One of NFWare's key attractions may also be a short-term barrier to sales. Unlike its more traditional rivals, it is selling its software products on a pay-per-use basis, meaning customers do not have to make huge capital expenditure investments on hardware they may need only occasionally. "Not all customers are ready for that type of model," concedes Britkin.
Perhaps the biggest question hovering over NFWare is whether it can survive as the big guns focus their sights on virtualization, but Britkin is sanguine. "First, I think they will try to sell hardware for as long as they can and that gives us a couple of years to get to the market," he says. "Operators don't want a mono-vendor of networks -- they want solutions from different vendors -- and I'm not sure if big companies are that open."

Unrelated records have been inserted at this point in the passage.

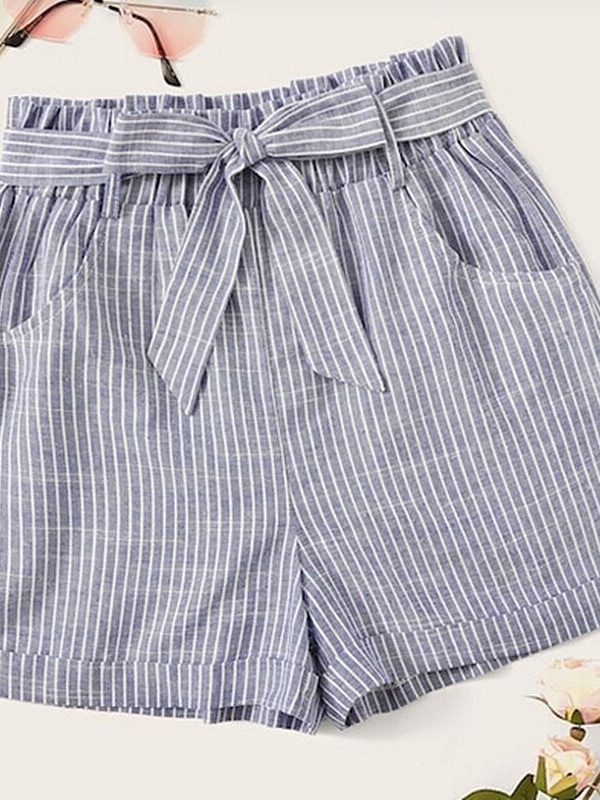 The Best Women Summer Striped Shorts Fashion High Waist Trouser Holiday Beach Drawstring High Waist Casual Loose Hot Shorts Online - Takalr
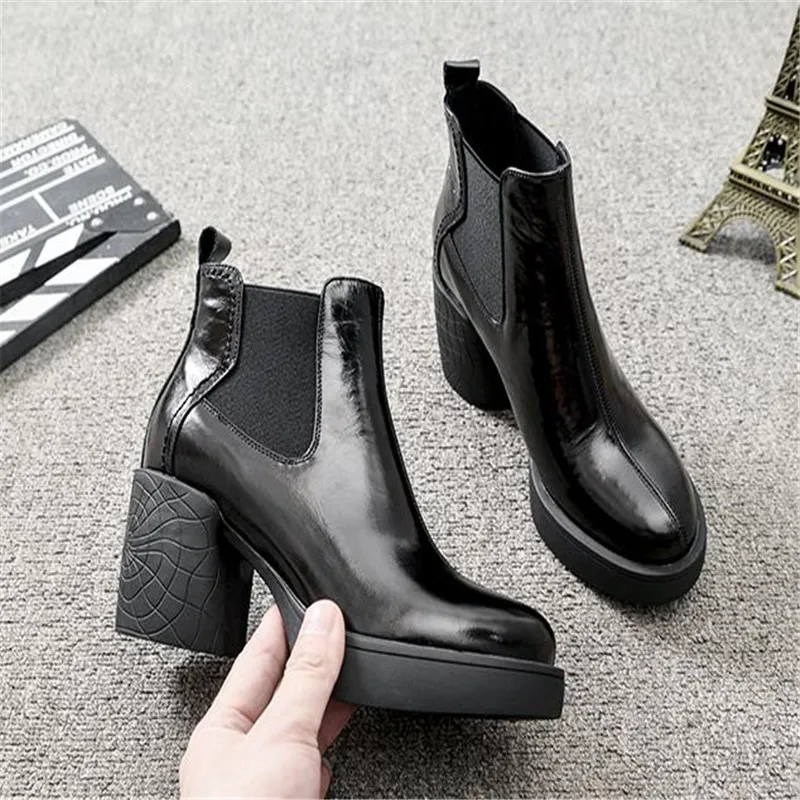 

Женские ботильоны на платформе и высоком устойчивом каблуке, женские мотоциклетные ботинки из искусственной кожи, женские черные ботинки в...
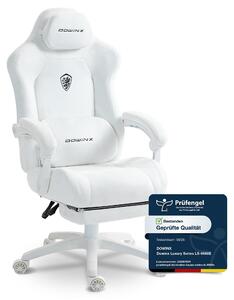 Sedia da gaming ergonomica con supporto lombare, rivestita in velluto, imbottitura spessa, poggiapiedi, braccioli regolabili e inclinazione fino a 160°. Colore: bianco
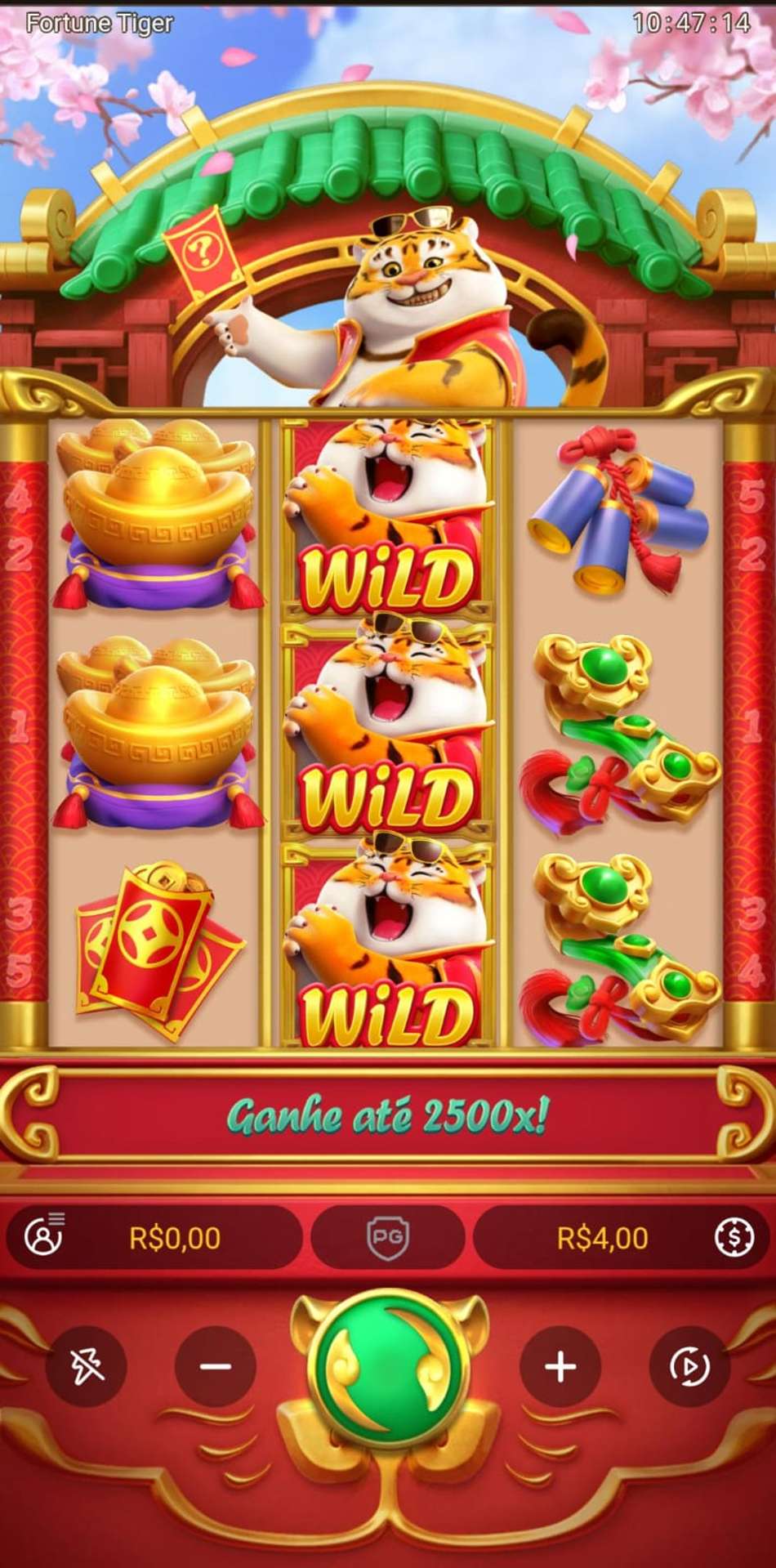 Captura de tela do slot Fortune Tiger na Brazino777.
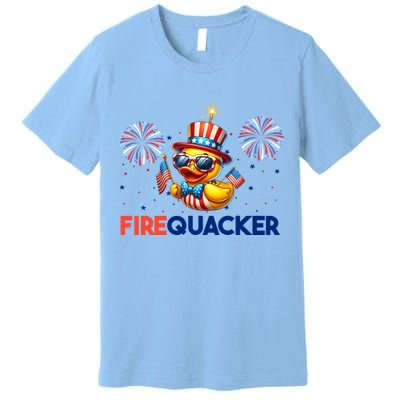 4th Of July Cute Duck Firequacker Patriotic Funny Premium T-Shirt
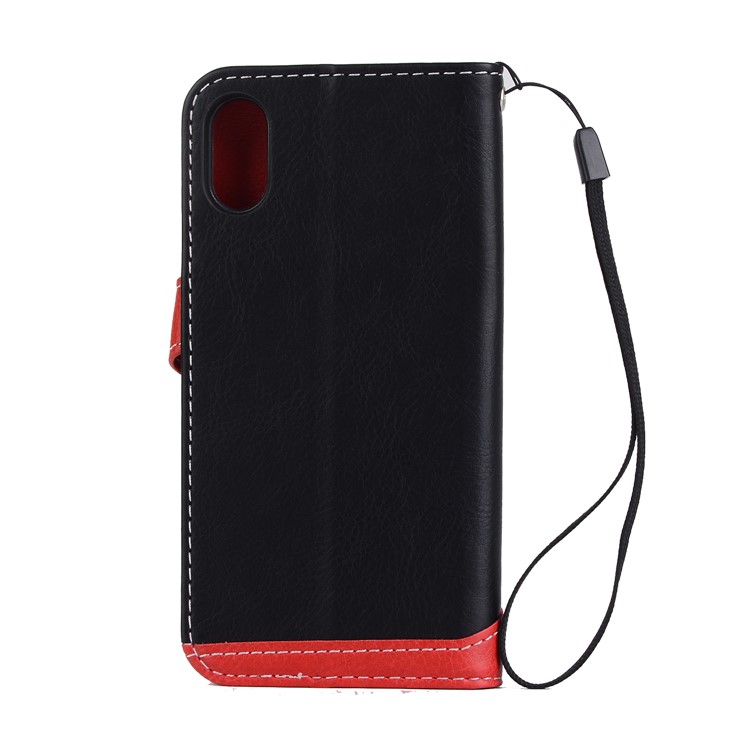 Litchi Texture PU Leather Wallet Stand Case (Contrast Color) for iPhone 9 6.1 inch - Black-4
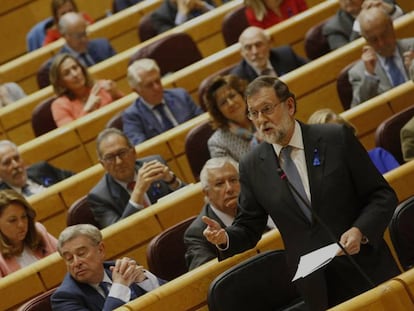 Mariano Rajoy, durante el pleno del Senado del martes.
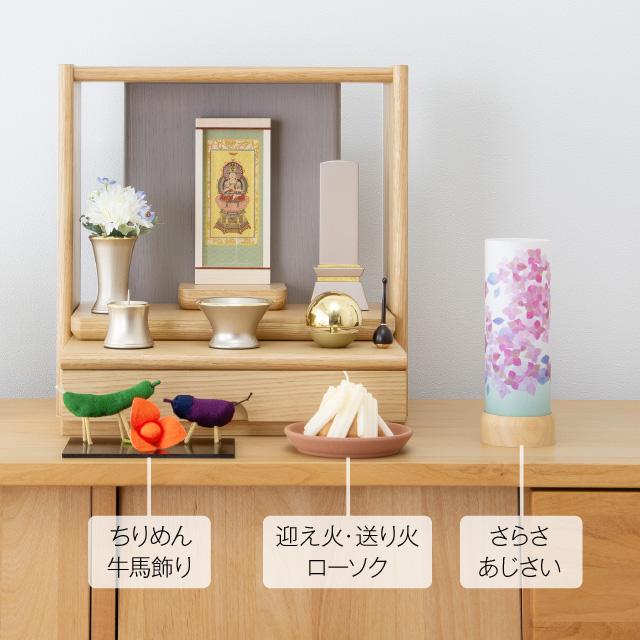 仏壇屋 滝田商店 盆提灯 ミニ お盆セット さらさ あじさい コードレス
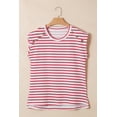 thumbnail image 5 of Chic Red Stripe Textured Knit Short Sleeve Tee for Women – Ideal for Daily Wear, L, 5 of 11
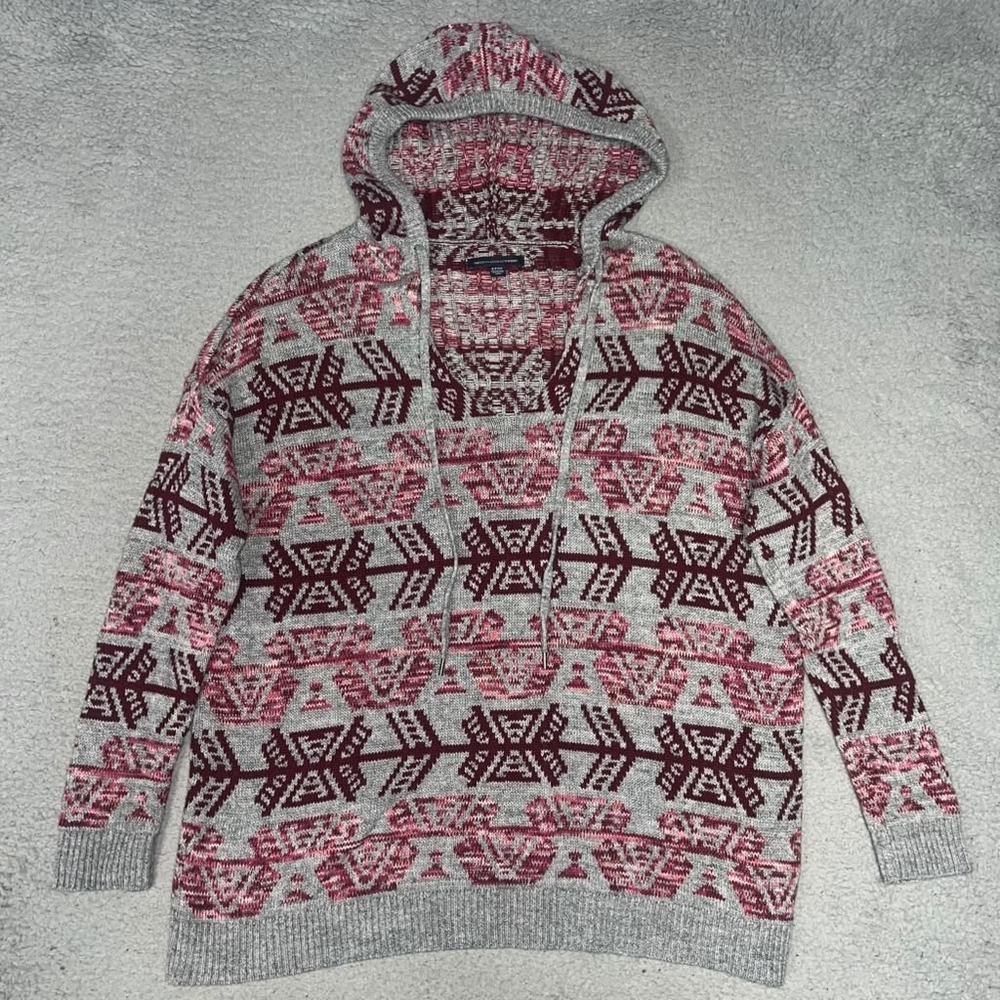 American Eagle Outfitters Sweater Women's Sz S Burgundy Hooded Knit Aztec Boho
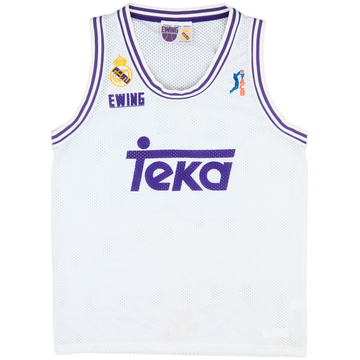 1993-94 Real Madrid Teka Romero #12 Ewing Home Jersey - 7/10 - (L)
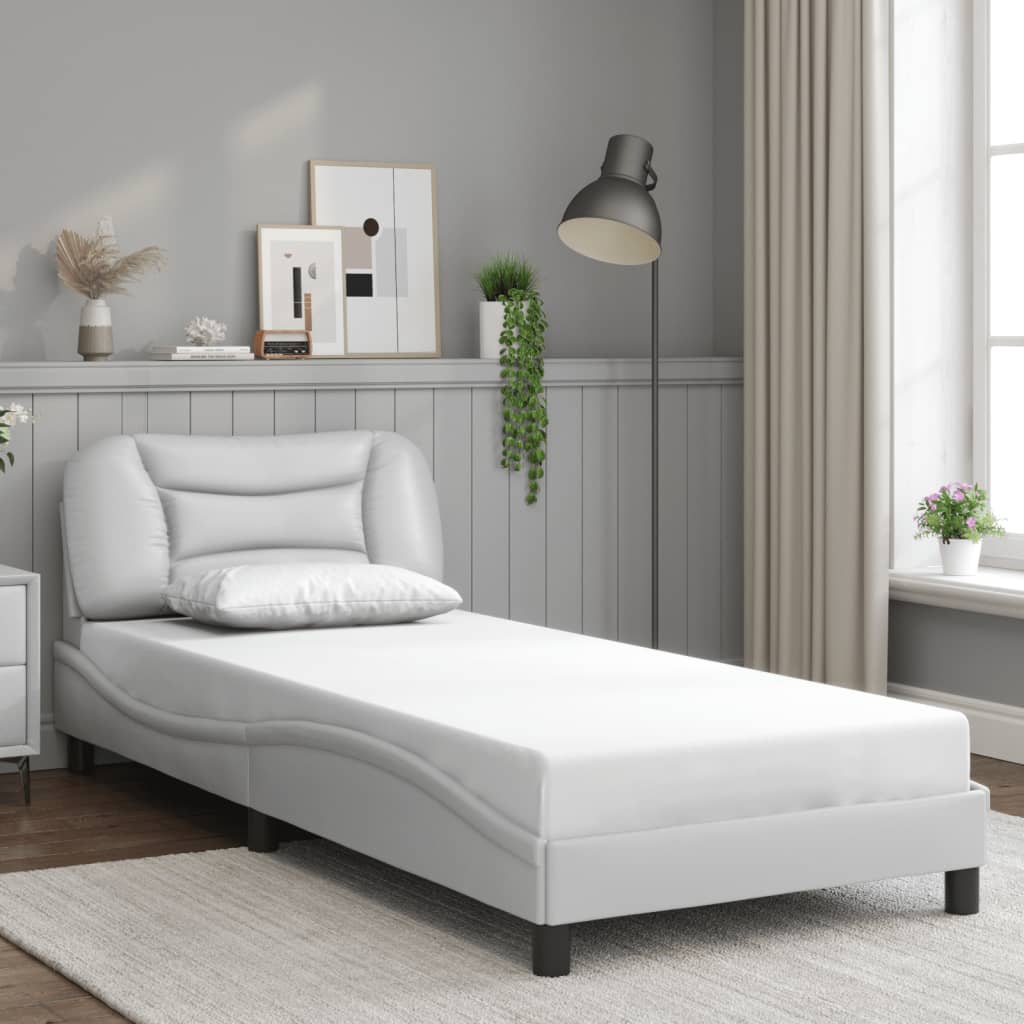 vidaXL Cadru de pat cu lumini LED, alb, 90x190 cm, piele ecologică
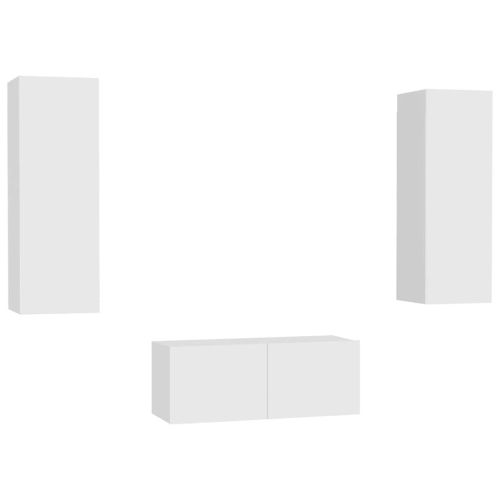 Комплект ТВ шкафове от 4 части, бял, инженерно дърво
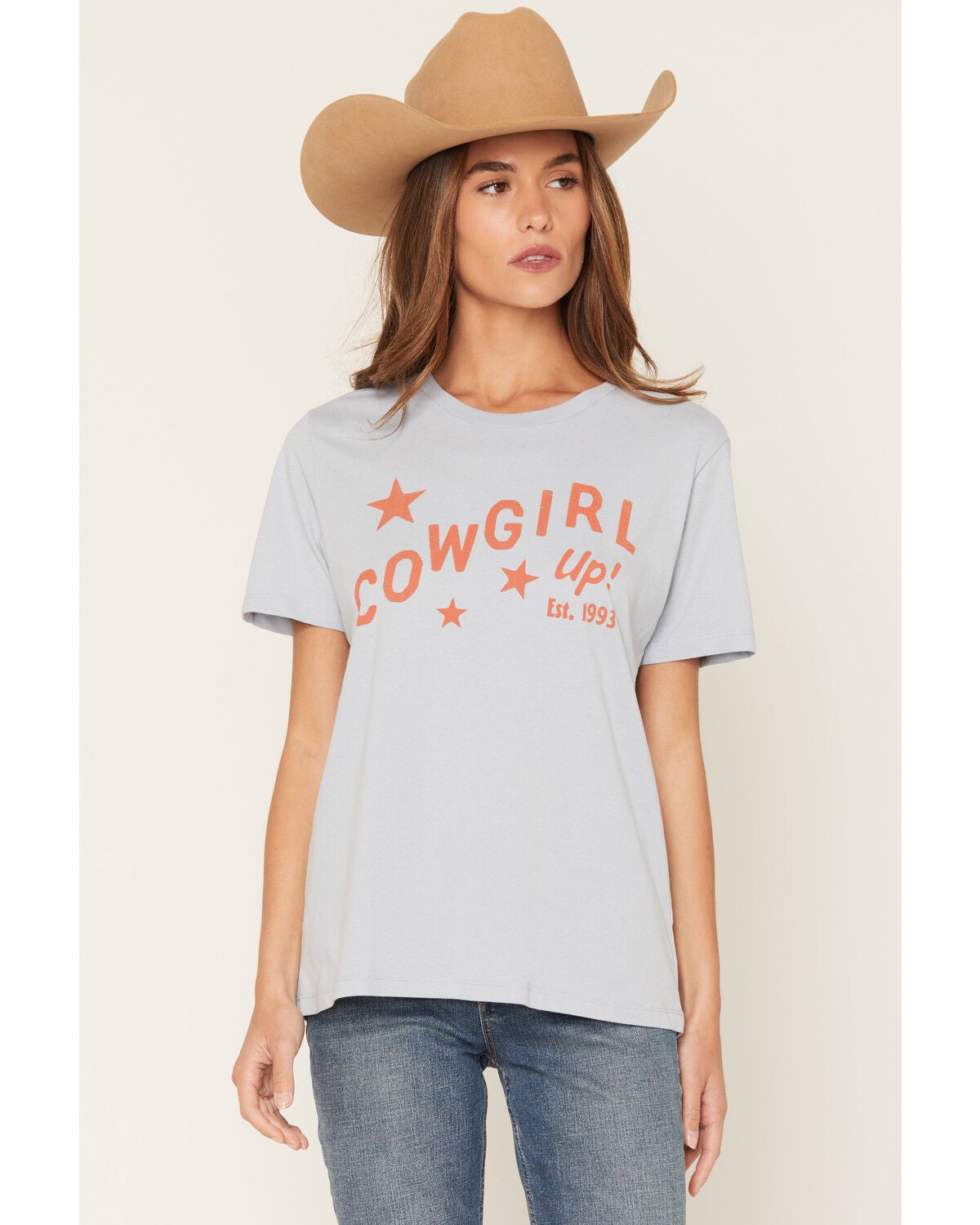 Cowgirl Up Women's Logo Star Short Sleeve Graphic Tee, Blue, hi-res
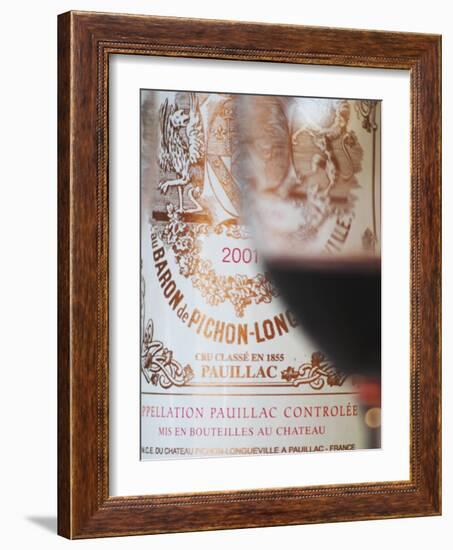 Glass of Wine, Chateau Baron Pichon Longueville, Pauillac, Medoc, Bordeaux, France-Per Karlsson-Framed Photographic Print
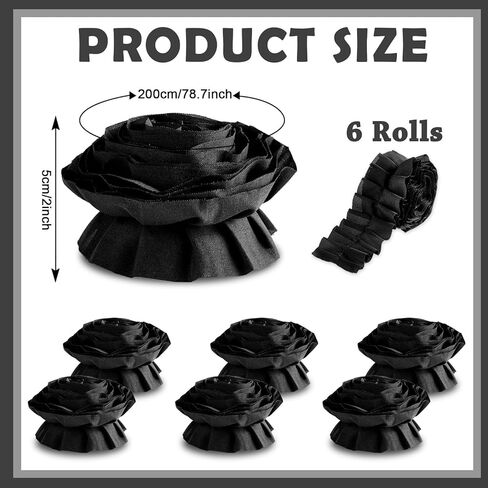 6 Rolls 40 Ft Ruffled Bulletin Board Borders Back to School Classroom Decor Fabric Trims DIY Border Crafts for Farmhouse Teacher Supplies First Day of School Party Decorations(Black) in Saudi Arabia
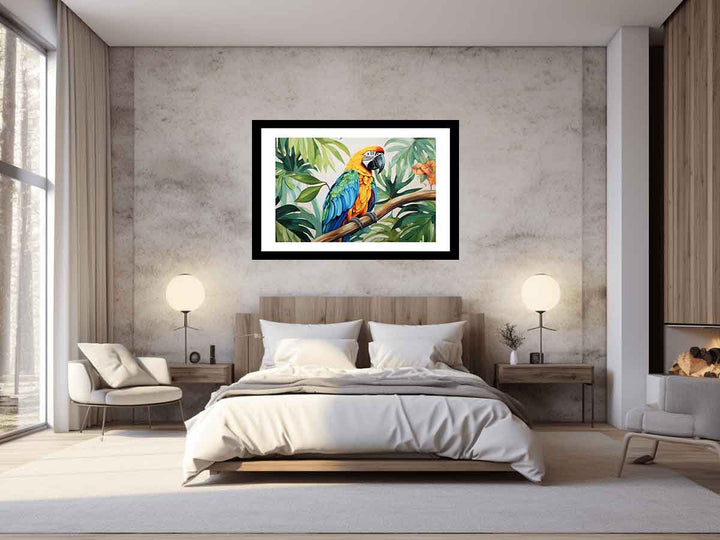 Modern Parrot Leaf Wood Art Painting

On top of that, NFWare's technology smarts certainly appear impressive. Most of its engineers came from Intel Corp. (Nasdaq: INTC), the semiconductor giant, and operators are regularly taken aback when they see the software in action, claims Britkin. "Because we are just ten people, they think we will be able to support about 2 Gbit/s before crashing," he says. "When we show them 120 Gbit/s they are pretty surprised."
Could these capabilities, and the threat NFWare might pose to the established order, make the startup a takeover target for Cisco or Juniper? "Potentially, yes. I don't know their agenda," says Britkin. But he believes his organization occupies a fairly unique space in the NFV landscape, with its particular focus on high-throughput applications. With field deployments in the offing, that could make NFWare both a disruptive force and an enticing prospect.